Close your eyes for a moment and imagine that you've seen nothing of the world and yourself. You will not have the slightest idea what things look like when you just touch them. Eyes are an important part of human body, perhaps more important than all other senses. Without eyes a person is only 20 percent living, since he is oblivious of the 80 percent of life's experiences which are perceived through eyes.
Although it's not a matter of comparison, but just think of a person who has never seen a sunrise, who is blind; who has never seen colors, who has never seen the sky, the birds, the butterflies, the moon, the oceans, the mountains and everything that is beautiful, who is not blessed with what you have – the vision. And you'll realize how lucky you are!
India is one of the fastest growing economies in the world today, ironically, it is also a home to one of the largest populations of visually impaired. Of the 45 million blind people in the world, a whopping 15 million reside in India.
Causes of Blindness
Defective or damaged corneas are the leading cause of blindness globally besides being the most common cause of blindness in India. Although corneal blindness is reversible, ironically, there are not enough eye donors whose eyes can be used for corneal transplants.
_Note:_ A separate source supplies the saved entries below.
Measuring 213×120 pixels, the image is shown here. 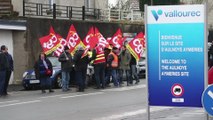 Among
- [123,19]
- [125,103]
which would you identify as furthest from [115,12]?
[125,103]

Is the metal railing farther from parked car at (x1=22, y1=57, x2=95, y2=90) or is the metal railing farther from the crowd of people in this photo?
the crowd of people

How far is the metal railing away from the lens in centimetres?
3039

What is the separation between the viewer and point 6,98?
1770cm

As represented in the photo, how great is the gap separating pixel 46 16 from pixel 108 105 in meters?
17.5

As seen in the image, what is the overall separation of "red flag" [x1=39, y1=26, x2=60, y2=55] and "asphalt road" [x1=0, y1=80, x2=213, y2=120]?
441cm

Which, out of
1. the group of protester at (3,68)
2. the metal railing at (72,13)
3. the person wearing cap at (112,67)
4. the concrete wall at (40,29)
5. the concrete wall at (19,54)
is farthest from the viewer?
the metal railing at (72,13)

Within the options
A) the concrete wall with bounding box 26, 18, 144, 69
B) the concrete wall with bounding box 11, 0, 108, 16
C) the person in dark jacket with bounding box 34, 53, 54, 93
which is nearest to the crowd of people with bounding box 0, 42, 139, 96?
the person in dark jacket with bounding box 34, 53, 54, 93

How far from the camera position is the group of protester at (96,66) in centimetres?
1988

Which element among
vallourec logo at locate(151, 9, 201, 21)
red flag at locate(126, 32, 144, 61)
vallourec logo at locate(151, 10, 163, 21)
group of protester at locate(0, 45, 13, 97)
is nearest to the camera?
vallourec logo at locate(151, 9, 201, 21)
Against the yearly demand of 100,000 corneas only 10000 are available, with less than 5000 transplant surgeries are being done annually. This is primarily due to lack of awareness and ignorance, regarding eye donation and willingness to pledge eyes for donation.
How and Who can Donate?
If you want to become an eye donor, you must share your noble intentions with your family members who may be asked to consent to eye donation at the time of death. You can bequeath your eyes by taking a pledge with any eye bank. After you've given your pledge, apply for a donor card and always carry it with you. This way if a fatal accident occurs they will be sure to honor your wishes. Your driver's license should also indicate your desire to donate.
Anyone who is above one year of age can become an eye donor. There is no cost involved. All eyes can be used for transplant, not withstanding how old are you. It doesn't matter if you wear glasses, or suffer from cataract, diabetes or hypertension, or have had an eye surgery, you can still be a donor. If your eyes are not suitable for transplant, they can still be used for research and education purposes.
Why Donate Eyes?
To begin with, even though for a selfish reason – our eyes will live on even when we are no more.
What is more, our eyes will light up the lives of two corneal blind people. And last but not the least, giving someone the gift of sight is perhaps most overwhelming gesture of selfless charity.
Some Quick facts about Eye Donation and Corneal Transplants
Eye donation can help restore vision through corneal transplant and provides blind people an opportunity to live a better, fulfilling life.
There is a severe lack of eye donors in India. The availability of donated eyes falls far short of its vast requirement.
According to the Eye Bank Association of America, more than 500,000 corneal transplants have been done since the past 50 years. The procedure has an overall success rate of 90 percent.
Donated eyes that are not suitable for corneal transplantation can also be used for research and teaching purposes.
The entire eye cannot be used for transplant, only the cornea, the transparent front of the eye is used.
Considered as the noblest of all causes, eye donation is supported by all the major religions in world.
Donation procedures do not start until every effort to save your life has been made. The family members are asked if the deceased has expressed a desire to donate eyes.
Your decision to become a donor can make a big difference to someone else's life.
Tej Kohli Foundation Corneal Transplant Program
On a recent visit to India, Mr. Tej Kohli, the founder of Tej Kohli Foundation, was deeply moved by the plight of blind people in India and set out on a mission to eradicate it. Tej Kohli foundation in association with a local NGO, and eye institute is aiming to assist over 1000 people in regaining their sight through corneal transplantation. The foundation will also donate 10 million (INR) every month to establish eye camps and run several awareness programs throughout the country.
The foundation is also in the process of opening a clinic in Gurgaon (Haryana), where eye camps will be organized for identifying the needy patients and prospective donors.